First off, I’d like to start by saying that we are not a design company but have individuals who have undoubted talent in designing stuff. Me, I have not a creative design bone in my body! What prompted this post was a recent encounter with a client’s design company who were “re-designing” some element of our client’s web-site. What stuck me quite hard was the opposing view of object design versus process design.
Most well developed and successful web-sites are built around great processes that are easy to use, slick and give the visitor what they want. Yes, the processes are littered with objects such as buttons, banners, content, headlines and other such items but fundamentally it is the process that makes, say, Amazon or Google great. So why are web-site designers seemingly forced to work in a purely object world? Seems like they work in a straight jacket.
It seems that many web-designers were, until quite recently, designers in the static (old) world of direct mail, point-of-sale, brochures et al so how can we expect them to think about the process? The process underlines the all elements of the design, including the objects so the objects must serve the process and not the other way round. If we keep it that simple it is also much easier to evolve the objects as we can think about the objects would better serve the process (red submit buttons, big text, simple content, sensible layouts etc).

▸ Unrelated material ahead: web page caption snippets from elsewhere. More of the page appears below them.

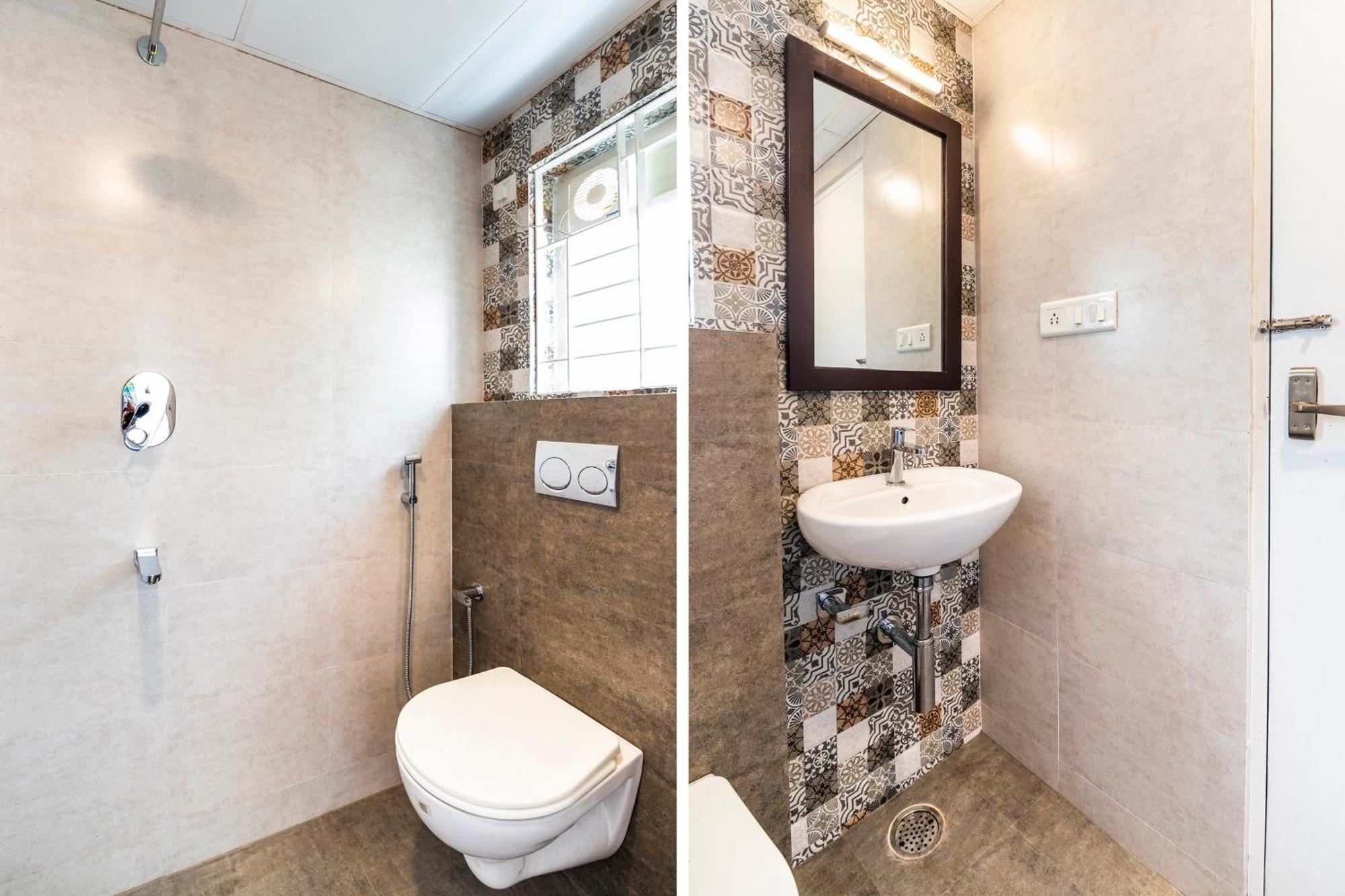 Super Townhouse Hebbal Hotel Bengaluru Kültér fotó
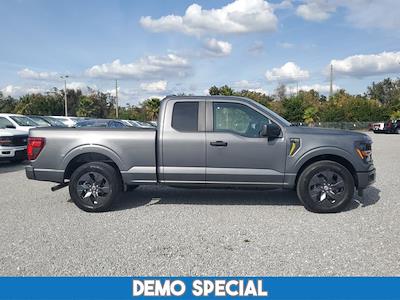 2025 Ford F-150 Super Cab RWD Pickup for sale #SL3372 - photo 1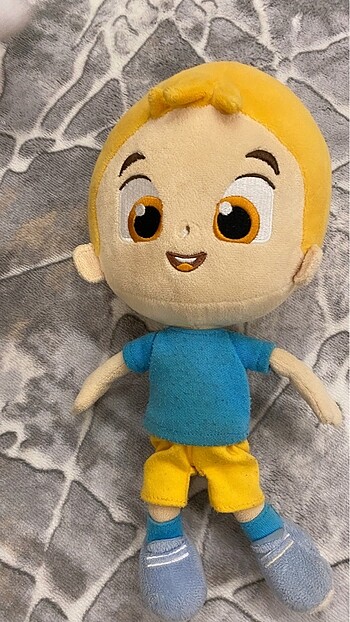 Peluş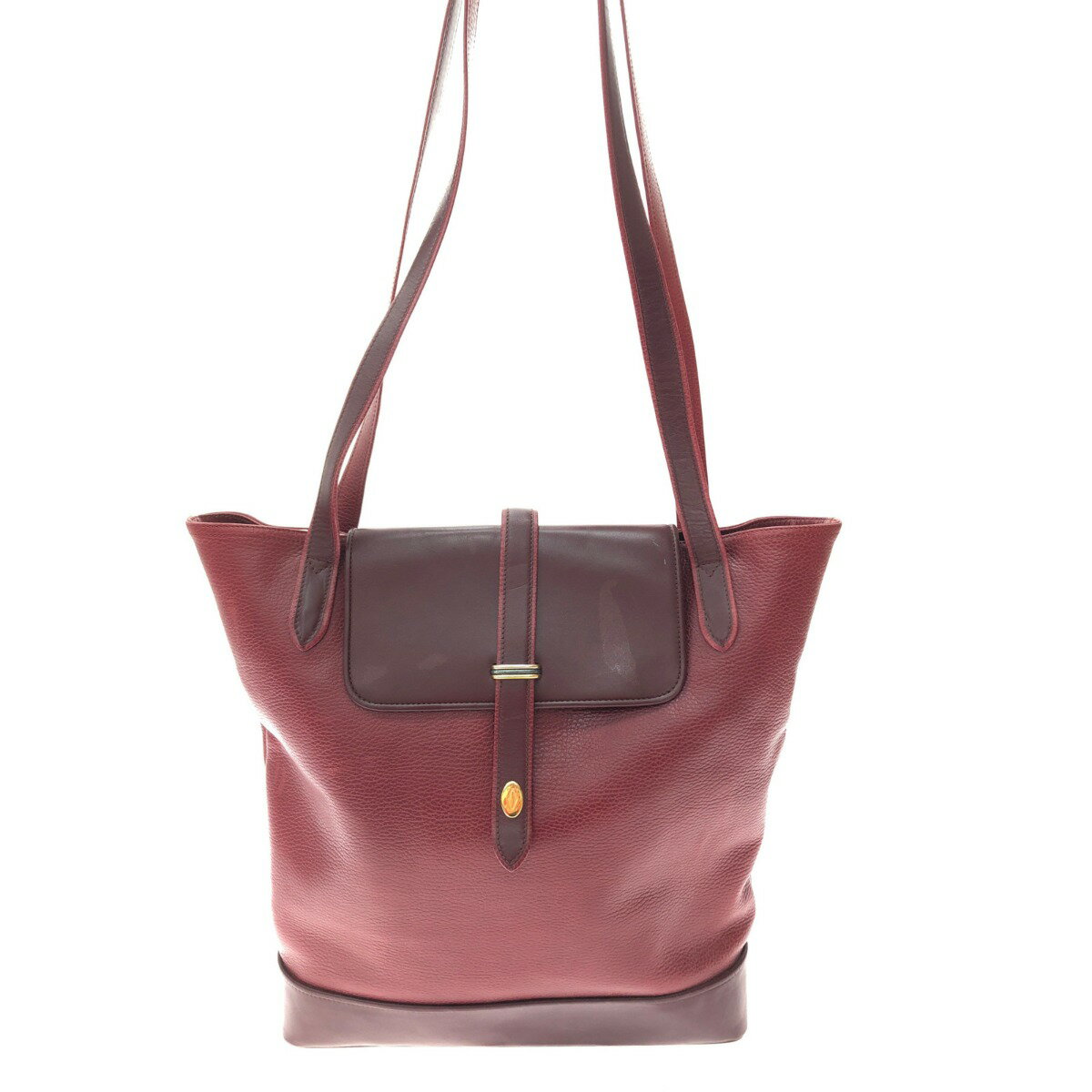 ▼▼【中古】Cartier カルティエ レデ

Since the turn of century, I have held onto the belief that good web-design is very rare and usually polluted by brand elements. This is confirmed in the way brand is often delivered online via a series of defined objects and properties including logo position, colour and font. These guidelines are usually set in stone and never take into account the process. It’s refreshing to see new exceptions such as Amazon and Google whilst encouraging to see older brands starting to embrace process driven design.
So, before you start wire-framing your next design how about designing and refining the process first? You could produce a bigger performance improvement with a process change alone than you could ever by changing object design when detached from the process. Maybe it’s time for process designers to start double-teaming with object designers?